Posted by Daniel Palmer on 16th April 2009

Dr Lyn Roberts, Chief Executive of the Heart Foundation, has urged supermarkets to improve the nutritional profile of their private label goods as research indicates they often lag their branded counterparts.

It is the second time in a month that the health of supermarket products has been criticised, with consumer group Choice last month questioning the ingredients in supermarket cakes.

Dr Roberts noted that the stalling economy had driven more people to private label, but possibly to the detriment of their health. “In the current economic climate, consumers are looking for ways to cut spending,” she said in her address to the National Press Club yesterday. “A survey by the Buchanan Group in December found that more than 60% of respondents claimed to have been switching to cheaper supermarket brands.

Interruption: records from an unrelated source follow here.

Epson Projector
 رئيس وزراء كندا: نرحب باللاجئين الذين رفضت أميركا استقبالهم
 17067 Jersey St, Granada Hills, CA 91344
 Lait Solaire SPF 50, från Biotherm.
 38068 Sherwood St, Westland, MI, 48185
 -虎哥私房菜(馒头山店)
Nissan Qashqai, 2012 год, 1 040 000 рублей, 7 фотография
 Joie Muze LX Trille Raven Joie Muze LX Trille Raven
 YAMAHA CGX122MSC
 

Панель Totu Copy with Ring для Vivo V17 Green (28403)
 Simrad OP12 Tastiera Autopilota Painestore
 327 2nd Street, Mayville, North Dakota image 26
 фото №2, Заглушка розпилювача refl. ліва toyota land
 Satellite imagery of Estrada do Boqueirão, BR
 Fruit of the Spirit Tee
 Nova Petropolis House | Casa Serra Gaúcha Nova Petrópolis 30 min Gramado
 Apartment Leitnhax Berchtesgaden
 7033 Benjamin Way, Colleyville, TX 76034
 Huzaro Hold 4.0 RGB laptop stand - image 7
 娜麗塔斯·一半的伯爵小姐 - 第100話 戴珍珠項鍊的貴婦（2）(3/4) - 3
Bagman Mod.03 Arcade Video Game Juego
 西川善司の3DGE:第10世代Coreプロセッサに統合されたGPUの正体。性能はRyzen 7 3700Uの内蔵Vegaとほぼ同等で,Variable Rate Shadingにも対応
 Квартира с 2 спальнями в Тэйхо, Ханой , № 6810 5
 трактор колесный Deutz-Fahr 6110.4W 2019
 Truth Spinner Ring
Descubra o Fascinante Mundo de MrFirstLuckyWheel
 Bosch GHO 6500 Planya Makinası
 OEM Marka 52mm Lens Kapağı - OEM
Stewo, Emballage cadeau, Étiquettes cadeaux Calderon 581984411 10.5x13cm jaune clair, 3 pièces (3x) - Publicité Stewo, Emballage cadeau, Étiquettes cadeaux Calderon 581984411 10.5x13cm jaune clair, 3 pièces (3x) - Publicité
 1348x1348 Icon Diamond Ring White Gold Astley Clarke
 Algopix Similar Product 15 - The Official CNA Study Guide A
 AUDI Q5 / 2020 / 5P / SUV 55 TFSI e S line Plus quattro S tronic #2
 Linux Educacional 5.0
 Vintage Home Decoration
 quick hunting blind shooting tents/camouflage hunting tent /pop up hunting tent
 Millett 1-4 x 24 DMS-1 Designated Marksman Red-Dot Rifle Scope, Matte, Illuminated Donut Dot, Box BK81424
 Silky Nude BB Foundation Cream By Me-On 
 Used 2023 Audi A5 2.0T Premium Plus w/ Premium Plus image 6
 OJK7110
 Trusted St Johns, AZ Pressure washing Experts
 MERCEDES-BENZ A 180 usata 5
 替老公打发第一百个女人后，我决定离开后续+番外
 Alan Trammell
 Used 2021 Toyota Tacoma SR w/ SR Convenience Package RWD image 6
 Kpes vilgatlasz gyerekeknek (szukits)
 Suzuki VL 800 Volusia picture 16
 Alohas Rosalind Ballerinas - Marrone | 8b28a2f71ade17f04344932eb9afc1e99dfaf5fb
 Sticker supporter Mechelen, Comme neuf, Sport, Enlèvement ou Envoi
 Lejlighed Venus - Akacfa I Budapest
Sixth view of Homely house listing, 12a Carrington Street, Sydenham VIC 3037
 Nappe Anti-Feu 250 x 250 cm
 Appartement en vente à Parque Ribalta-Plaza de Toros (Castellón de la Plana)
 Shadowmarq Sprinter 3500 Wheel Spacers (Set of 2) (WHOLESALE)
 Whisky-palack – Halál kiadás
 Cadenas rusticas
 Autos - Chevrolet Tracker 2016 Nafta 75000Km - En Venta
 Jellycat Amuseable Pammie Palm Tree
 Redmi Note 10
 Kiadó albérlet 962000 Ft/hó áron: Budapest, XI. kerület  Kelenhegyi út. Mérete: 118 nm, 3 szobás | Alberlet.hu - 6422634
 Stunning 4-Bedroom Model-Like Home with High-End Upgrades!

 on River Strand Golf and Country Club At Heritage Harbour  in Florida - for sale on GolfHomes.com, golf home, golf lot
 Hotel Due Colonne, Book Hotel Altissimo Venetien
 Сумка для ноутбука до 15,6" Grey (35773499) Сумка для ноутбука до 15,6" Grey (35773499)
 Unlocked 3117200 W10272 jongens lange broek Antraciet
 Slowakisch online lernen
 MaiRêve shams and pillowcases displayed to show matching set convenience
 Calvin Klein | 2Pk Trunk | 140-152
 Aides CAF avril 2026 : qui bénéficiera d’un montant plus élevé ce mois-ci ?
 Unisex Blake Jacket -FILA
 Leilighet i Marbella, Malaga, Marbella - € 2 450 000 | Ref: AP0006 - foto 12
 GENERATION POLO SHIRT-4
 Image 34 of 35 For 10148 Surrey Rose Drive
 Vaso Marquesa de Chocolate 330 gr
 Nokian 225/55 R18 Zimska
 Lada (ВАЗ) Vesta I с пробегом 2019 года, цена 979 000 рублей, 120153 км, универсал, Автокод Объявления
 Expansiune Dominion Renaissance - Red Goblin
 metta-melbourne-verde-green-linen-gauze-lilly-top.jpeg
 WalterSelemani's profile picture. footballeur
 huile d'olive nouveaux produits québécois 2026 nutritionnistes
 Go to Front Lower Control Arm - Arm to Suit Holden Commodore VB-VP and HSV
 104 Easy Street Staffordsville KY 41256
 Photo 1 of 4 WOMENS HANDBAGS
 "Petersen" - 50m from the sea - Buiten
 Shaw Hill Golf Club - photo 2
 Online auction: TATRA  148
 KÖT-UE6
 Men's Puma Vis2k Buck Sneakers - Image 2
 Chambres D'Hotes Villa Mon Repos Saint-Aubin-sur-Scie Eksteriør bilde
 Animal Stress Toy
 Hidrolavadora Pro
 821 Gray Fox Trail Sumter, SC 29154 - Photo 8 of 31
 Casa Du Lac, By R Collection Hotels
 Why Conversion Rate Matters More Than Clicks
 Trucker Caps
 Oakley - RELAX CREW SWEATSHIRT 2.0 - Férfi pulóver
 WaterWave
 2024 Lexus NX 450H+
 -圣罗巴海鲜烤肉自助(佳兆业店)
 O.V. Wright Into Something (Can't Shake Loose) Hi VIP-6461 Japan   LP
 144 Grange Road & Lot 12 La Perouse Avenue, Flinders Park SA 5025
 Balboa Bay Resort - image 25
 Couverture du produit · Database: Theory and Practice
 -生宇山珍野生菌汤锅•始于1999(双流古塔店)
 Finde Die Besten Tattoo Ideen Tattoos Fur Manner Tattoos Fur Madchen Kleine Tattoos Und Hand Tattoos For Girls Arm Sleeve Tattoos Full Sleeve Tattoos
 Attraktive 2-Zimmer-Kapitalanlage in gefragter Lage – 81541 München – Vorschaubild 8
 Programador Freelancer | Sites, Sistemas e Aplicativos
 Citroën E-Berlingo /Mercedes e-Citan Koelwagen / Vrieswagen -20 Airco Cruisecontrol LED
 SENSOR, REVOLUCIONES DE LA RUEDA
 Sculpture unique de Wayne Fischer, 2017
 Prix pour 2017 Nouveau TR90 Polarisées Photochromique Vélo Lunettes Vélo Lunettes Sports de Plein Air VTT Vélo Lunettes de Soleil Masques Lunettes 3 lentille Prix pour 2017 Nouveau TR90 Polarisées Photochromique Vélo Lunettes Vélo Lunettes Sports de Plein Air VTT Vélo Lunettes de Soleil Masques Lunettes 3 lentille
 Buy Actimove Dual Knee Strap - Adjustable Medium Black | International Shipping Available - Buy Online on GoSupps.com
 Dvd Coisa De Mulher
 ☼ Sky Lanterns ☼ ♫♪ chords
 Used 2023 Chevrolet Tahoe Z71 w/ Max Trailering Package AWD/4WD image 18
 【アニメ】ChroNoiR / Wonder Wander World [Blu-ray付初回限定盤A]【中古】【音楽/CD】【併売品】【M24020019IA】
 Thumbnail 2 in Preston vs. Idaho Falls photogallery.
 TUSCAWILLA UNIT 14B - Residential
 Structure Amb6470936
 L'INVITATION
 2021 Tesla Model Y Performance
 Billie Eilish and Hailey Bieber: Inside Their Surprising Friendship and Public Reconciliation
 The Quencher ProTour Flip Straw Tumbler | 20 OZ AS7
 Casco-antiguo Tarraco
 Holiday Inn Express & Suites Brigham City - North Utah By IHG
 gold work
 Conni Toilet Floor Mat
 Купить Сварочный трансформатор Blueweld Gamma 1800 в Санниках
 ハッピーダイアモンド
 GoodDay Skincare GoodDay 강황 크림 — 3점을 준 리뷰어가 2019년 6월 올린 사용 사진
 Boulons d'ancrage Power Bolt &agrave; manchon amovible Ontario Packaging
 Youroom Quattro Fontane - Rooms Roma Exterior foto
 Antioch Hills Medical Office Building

But for the consumer, the savings at the check out may be costly for their health.”

The Heart Foundation is currently carrying out an analysis of the nutritional profile of private label goods with national brands.

“So far, almost 5,000 packaged food products have been analysed across 28 food categories,” Dr Roberts advised. “The results will be published later this year. However, in general, private label products contain significantly more sodium, saturated, trans fats and are more energy dense than branded products. We would like supermarkets to ensure that private label products are no less healthy than the more expensive foods.”